Posted Jan. 14 at 01:32 AM
I noticed the other day that Pittsburgh and Arizona managed to make it to the conference championship games despite having unusually unbalanced teams. The Steelers became the just the third team in the last 30 years to make it to the conference championship level without ranking higher than 20th in scoring, while the Cardinals became just the third team ever to do it with a bottom-5 defense.
And note that three of the four semifinals this year rank in the top 4 in defenses (along with the Titans, the Steelers, Ravens and Eagles were the best at not allowing points).
It got me thinking. Which teams have more success: those with high-scoring offenses, or those with tough defenses?
On the topic, I pulled up the following numbers.
Since the NFL went to a 16-game schedule 30 years ago, there is no strongly pro-offense or pro-defense trend that emerges. Of the last 124 teams to make it to an AFC or NFC Championhip game, 63 had a top-5 offense and 63 had a top-5 defense (that’s in terms of scoring).

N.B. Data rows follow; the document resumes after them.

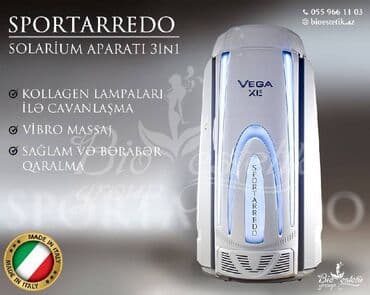 solarium: Solariy, Solarium aparati. Sportarredo Solarium - İtalyan brendi — 1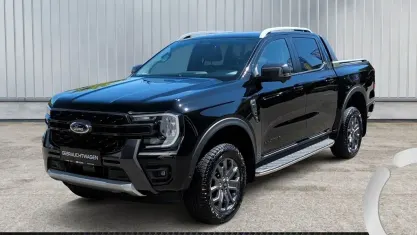 Gebraucht Ford Ranger Wildtrack 205 PS (150 kW) 2024 Schwarz Pickup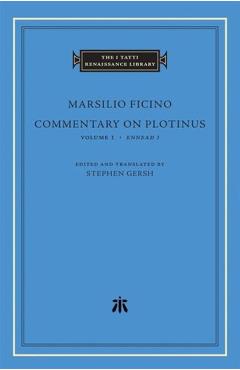 Commentary on Plotinus - Marsilio Ficino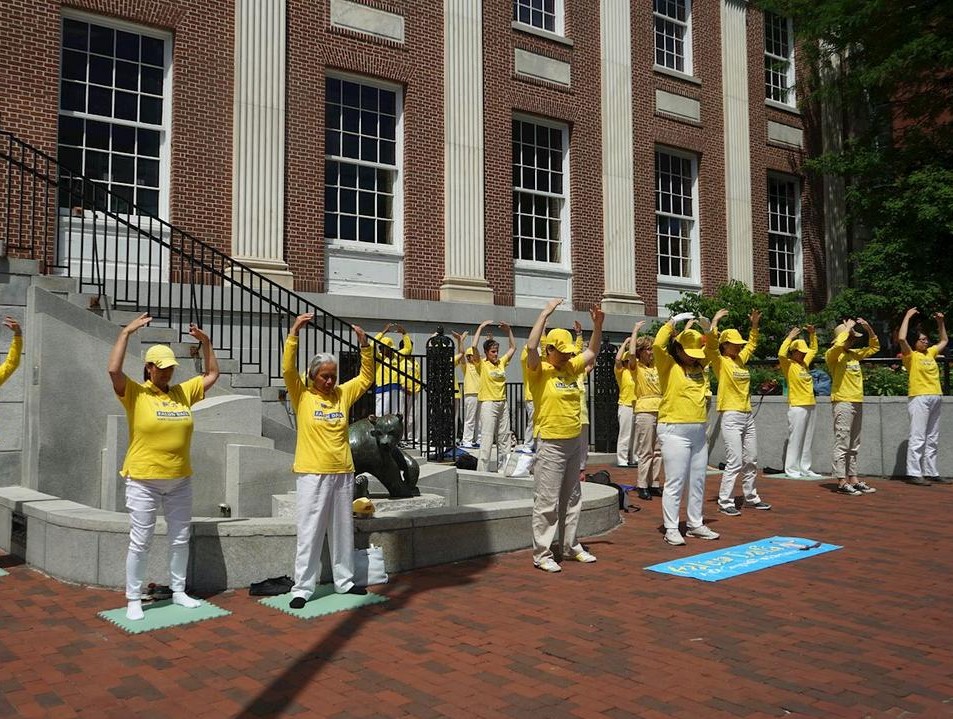 Image for article ​Recenti eventi del Falun Gong negli Stati Uniti e in Europa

If you want to look at top 10 rather than top 5, I’m seeing 98 offensive teams (out of 124 total) versus 89 defensive – still not much of a difference.
Teams that were heavily skewed towards offense -- ranking 10 spots higher in offense than defense -- went 7-8 in conference championship games. (Arizona fits this mold).

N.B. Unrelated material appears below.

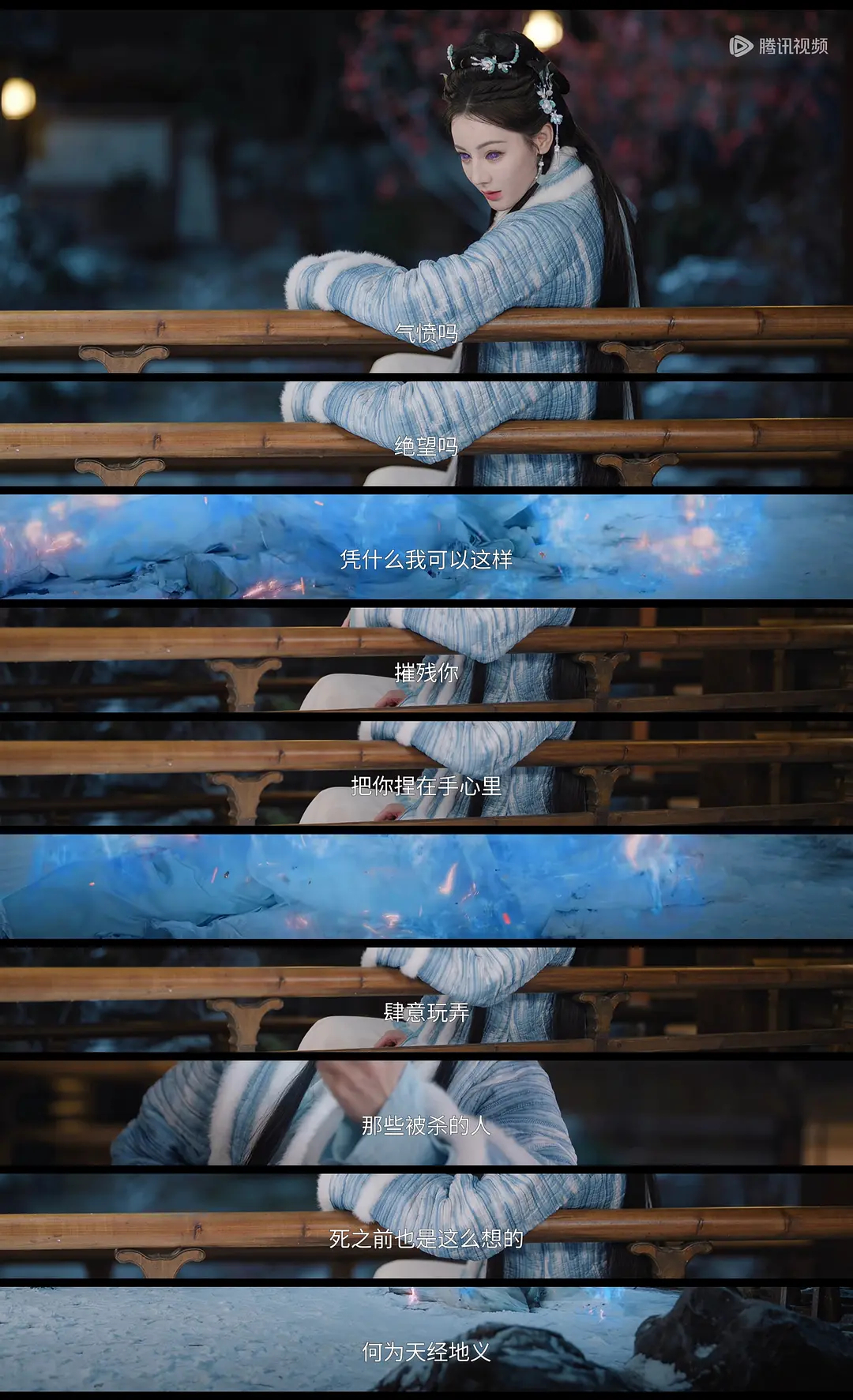 贺思慕的强大与克制作为万灵之主，她的职责是引渡亡魂、维持生死秩序，而非肆意抹杀。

Teams that were heavily skewed towards defense – 10-plus spots higher in defense than offense – went 6-8 in these games (Pittsburgh fits this mold).
Of our 124 teams, 53 ranked higher in defense (and this group includes Pittsburgh, Baltimore and Philadelphia). That cross section of teams went 29-21 at the conference championship level.
A few more teams – 62 including Arizona – ranked higher offensively. That group was less successful in conference championship games, with a composite record of 27-34.
So in this admittedly quick and non-scientific glance, I’m not seeing strong numbers either way that suggest that it’s best to try to win a championship by focusing on bulking up one side of the ball. Surprising, even teams that were strong on both sides of the ball weren’t as dominant as you might expect. Those were ranked in the top 4 on both offense and defense have gone only 13-6 in conference championship games.